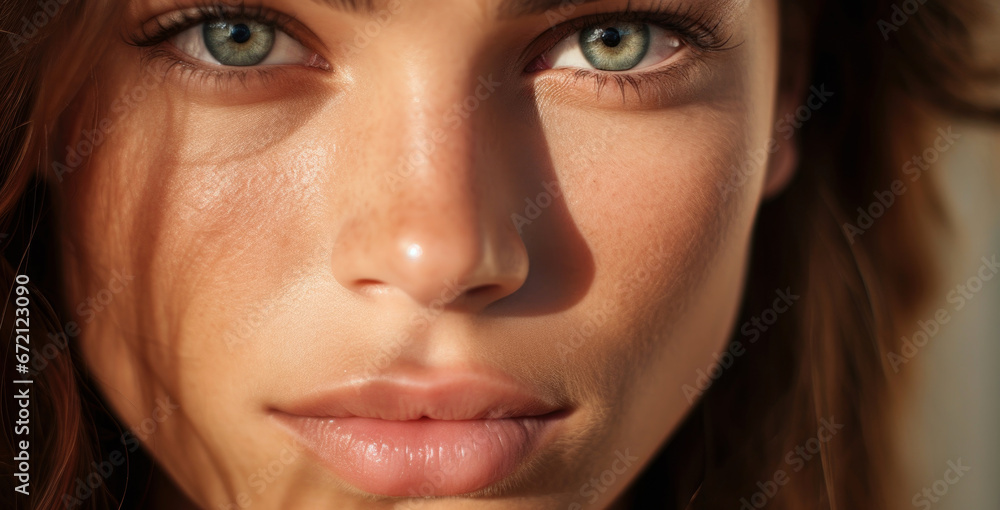close-up on woman face with perfect skin 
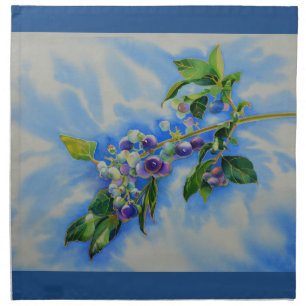 Blueberry watercolor painting cloth napkin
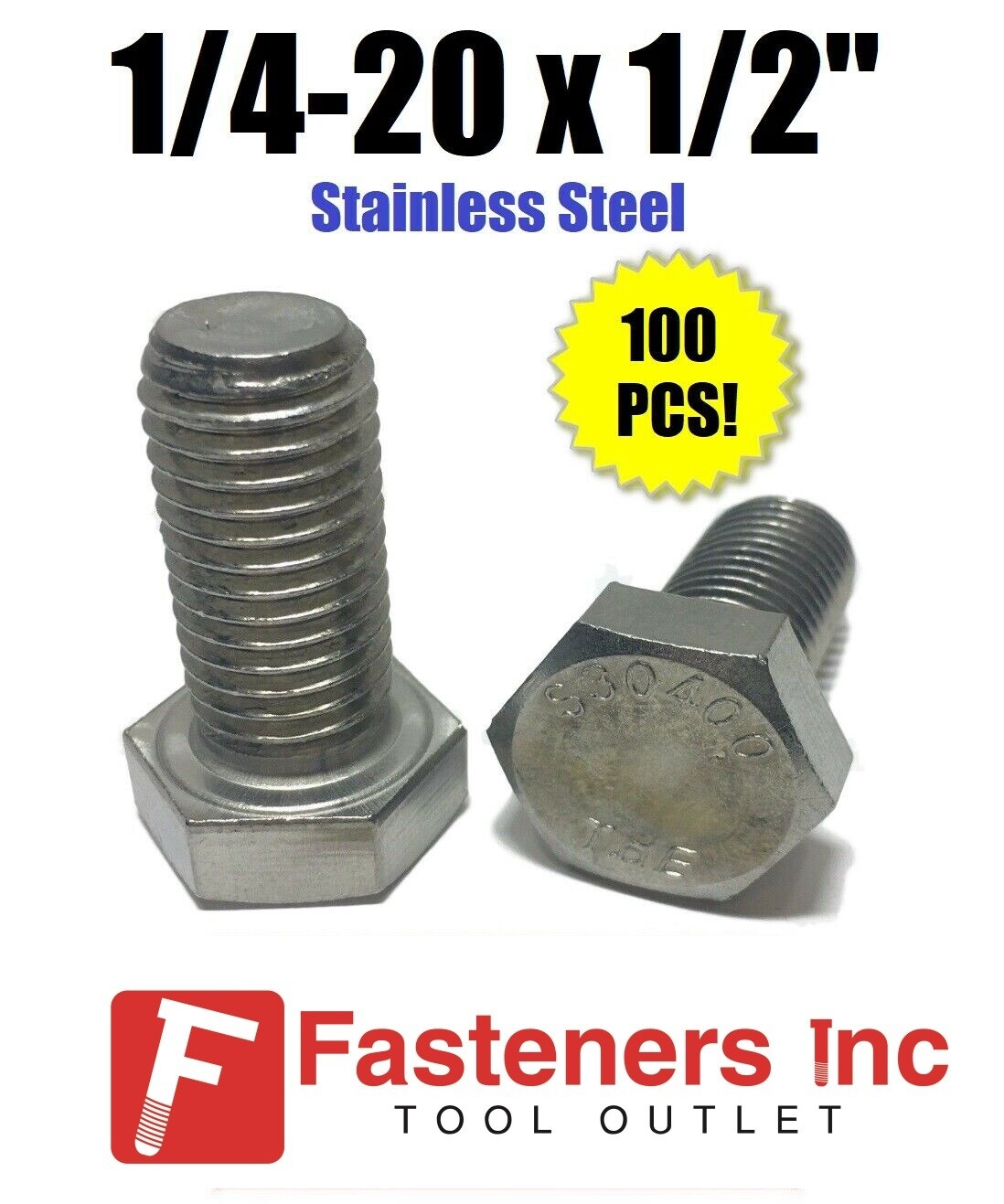 (Qty 100) 1/4-20 x 1/2" Stainless Steel Hex Cap Screw / Tap Bolt 18-8 / 304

WORK REQUEST:
Without including any pictures, reproduce the data exactly.

SOLUTION TO THE PROBLEM:
close-up on woman face with perfect skin 
 Blueberry watercolor painting cloth napkin
 (Qty 100) 1/4-20 x 1/2" Stainless Steel Hex Cap Screw / Tap Bolt 18-8 / 304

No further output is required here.